-- INFORMATION PROVIDED follows --

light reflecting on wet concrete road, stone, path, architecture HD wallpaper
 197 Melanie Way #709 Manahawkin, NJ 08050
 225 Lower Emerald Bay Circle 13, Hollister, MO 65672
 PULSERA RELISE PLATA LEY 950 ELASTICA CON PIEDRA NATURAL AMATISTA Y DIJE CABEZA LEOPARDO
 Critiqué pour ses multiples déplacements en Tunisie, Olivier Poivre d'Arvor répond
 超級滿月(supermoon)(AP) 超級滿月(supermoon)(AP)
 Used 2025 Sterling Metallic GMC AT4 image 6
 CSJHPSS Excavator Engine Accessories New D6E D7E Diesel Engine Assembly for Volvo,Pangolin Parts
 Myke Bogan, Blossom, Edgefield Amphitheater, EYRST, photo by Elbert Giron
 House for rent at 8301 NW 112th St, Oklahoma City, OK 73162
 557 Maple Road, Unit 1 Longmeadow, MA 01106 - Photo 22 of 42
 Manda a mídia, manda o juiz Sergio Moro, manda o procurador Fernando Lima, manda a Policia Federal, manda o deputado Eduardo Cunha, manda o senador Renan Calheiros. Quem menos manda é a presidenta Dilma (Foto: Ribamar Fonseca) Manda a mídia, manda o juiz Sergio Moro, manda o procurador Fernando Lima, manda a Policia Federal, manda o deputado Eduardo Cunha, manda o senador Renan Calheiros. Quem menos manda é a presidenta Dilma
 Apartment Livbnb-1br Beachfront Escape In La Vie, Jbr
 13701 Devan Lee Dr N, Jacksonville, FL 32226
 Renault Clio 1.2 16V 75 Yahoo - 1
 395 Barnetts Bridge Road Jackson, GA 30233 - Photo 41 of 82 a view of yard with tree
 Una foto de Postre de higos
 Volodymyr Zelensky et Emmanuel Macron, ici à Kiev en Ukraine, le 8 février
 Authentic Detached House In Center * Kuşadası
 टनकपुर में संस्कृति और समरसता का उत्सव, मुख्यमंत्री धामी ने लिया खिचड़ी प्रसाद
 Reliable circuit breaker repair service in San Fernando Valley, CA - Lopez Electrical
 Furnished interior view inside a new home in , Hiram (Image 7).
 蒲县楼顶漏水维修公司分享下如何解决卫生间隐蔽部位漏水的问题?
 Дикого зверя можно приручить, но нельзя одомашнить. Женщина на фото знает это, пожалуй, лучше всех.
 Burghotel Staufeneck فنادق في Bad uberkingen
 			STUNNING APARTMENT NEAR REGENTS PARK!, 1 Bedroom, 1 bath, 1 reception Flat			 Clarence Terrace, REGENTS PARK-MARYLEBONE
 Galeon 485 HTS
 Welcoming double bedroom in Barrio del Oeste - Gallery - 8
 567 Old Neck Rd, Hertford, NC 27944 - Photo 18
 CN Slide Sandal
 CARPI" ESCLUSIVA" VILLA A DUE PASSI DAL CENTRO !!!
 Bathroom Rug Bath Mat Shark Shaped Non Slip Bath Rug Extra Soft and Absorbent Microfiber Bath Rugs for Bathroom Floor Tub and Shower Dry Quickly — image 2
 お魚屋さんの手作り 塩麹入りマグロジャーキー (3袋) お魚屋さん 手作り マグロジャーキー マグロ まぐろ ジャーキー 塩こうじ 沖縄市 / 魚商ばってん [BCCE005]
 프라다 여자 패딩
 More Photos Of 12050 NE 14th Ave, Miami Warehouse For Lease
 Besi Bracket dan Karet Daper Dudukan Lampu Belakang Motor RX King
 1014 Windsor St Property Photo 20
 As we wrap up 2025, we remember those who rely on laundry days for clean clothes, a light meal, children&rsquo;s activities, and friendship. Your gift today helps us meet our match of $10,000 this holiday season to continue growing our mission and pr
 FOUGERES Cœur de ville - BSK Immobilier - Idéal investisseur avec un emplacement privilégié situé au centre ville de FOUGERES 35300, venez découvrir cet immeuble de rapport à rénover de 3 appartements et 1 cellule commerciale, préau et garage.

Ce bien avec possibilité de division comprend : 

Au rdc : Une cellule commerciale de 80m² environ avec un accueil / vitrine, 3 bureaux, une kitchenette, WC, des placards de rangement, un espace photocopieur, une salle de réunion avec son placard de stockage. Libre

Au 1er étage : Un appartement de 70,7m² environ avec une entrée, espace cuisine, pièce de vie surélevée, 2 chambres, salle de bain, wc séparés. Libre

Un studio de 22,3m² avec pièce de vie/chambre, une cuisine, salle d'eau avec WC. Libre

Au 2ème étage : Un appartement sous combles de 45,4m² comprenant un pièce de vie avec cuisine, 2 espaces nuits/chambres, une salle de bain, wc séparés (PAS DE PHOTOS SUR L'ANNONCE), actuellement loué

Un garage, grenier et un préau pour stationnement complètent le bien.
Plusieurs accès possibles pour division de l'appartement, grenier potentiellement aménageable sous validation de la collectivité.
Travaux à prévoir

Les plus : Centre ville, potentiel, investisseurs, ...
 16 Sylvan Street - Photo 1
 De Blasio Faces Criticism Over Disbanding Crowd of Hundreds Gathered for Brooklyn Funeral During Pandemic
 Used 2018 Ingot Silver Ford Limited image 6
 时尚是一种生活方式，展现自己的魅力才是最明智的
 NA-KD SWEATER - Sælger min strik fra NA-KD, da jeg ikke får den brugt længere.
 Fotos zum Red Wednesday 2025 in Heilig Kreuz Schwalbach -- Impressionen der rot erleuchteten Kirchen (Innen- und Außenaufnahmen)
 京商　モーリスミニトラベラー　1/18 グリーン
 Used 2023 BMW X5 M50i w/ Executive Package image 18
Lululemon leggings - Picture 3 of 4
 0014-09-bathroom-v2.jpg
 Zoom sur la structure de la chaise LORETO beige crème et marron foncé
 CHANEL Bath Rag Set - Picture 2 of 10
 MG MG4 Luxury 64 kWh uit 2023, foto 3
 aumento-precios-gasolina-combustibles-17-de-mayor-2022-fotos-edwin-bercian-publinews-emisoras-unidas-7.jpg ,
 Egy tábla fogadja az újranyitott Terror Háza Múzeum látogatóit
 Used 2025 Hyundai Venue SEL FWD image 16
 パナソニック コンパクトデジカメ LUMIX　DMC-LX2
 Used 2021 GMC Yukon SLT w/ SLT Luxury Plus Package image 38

-- INFORMATION PROVIDED concluded --

WHAT TO WORK ON
Tally the lines of the material in which the string "division" appears. Give the tally and nothing else.

RESPONSE TO THIS TASK
2